Peygamber (Sallallahu aleyhi ve Sellem) şöyle buyurdu: "Bu üç kişinin
durumunu size haber vereyim mi? Birisi Allah'tan haya etti, Allah da ondan haya
etti. Diğeri tövbe ederek geldi, Allah da tövbesini kabul etti. Öteki de yüz
çevirdi, Allah da ondan yüz çevirdi."
*Hadisi Bezzar ve el-Mu'cemu'l-evsat'ta Taberani rivayet
etmiştir. Taberani, şu ilaveyi vermiştir: Resulullah (Sallallahu aleyhi ve
Sellem): "Sen ne dersin ey Hattab'ın oğlu?" diye sorunca Hz.

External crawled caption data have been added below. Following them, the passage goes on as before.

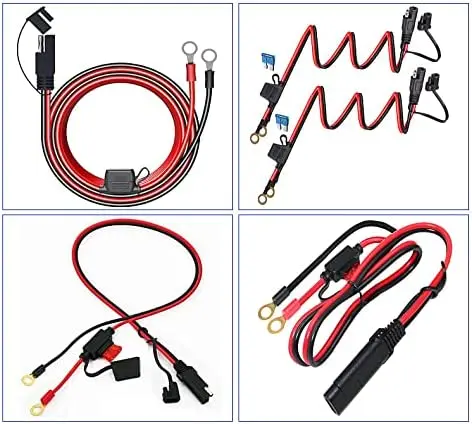 Ring Terminal Eyelet SAE Battery Extension Cable with 2FT 16AWG 10A Protection Fuse SAE Connector for Motorcycle Cars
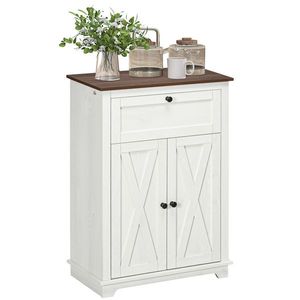 HOMCOM Bufet de depozitare cu multiple spații de depozitare, 2 uși cu raft reglabil, 1 sertar, dim. 60L x 30Ad x 87, 5Î cm | Aosom Romania imagine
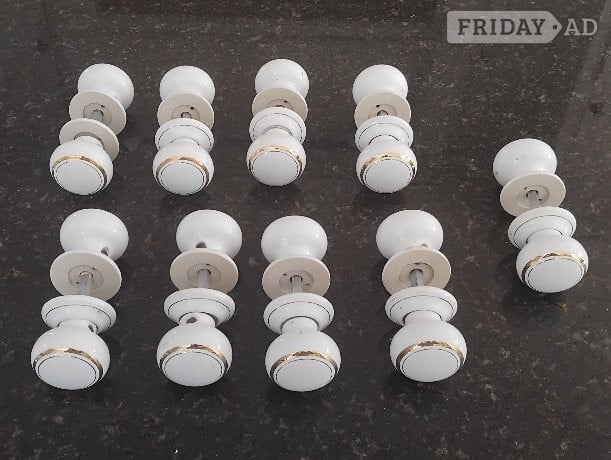 9 Pairs White Porcelain Door Hnadles, VGC in Tunbridge Wells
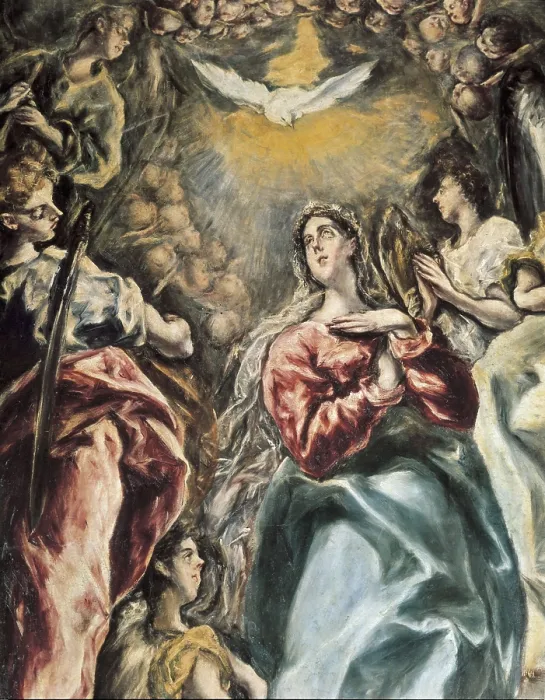 Framed Print : GrecoDomnikos Theotokpouloscalled El (1541-1614). The Assumption. 1607 - 1613. Detail. Mannerism art. Oil on canvas. SPAIN. Toledo. Holy Cross Museum
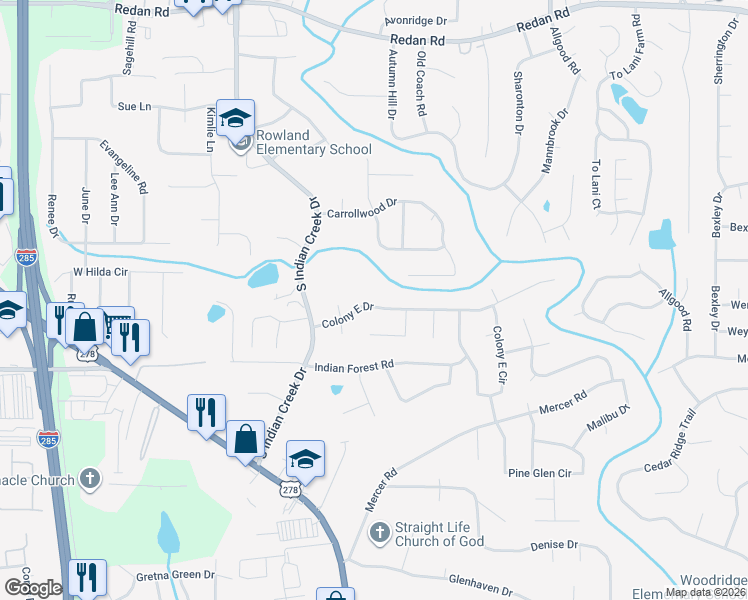 map of restaurants, bars, coffee shops, grocery stores, and more near 4220 Colony East Drive in Stone Mountain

Ömer:
"En üstün görüşlü olan sensin, ama ben onlara emretmeni uygun
görüyorum" dedi.
Yine Taberani şu ilaveyi
vermiştir: "Hz. Peygamber (Sallallahu aleyhi ve Sellem) mala verdi, onlar
da onun yanında mala verdiler. Hemmu'l-Küra suyundan içtiler. Sonra Resul-i
Ekrem onlara üç kişiden bahsetti." Bundan sonra hadisin devamını
vermiştir. Ravileri güvenilirdir.
14113. Ömer b. el-Hattab
anlatıyor: Bir gazada Hz. Peygamber (Sallallahu aleyhi ve Sellem) ile
beraberdik. "Ya Resulallah!" dedik, "Düşman tok bir halde gelip
çattı. Bu insanlar ise aç!" Ensar dedi ki: "Su taşıyan develerimizi
kesip insanlara yedirsek ya!" Hz. Peygamber (Sallallahu aleyhi ve Sellem)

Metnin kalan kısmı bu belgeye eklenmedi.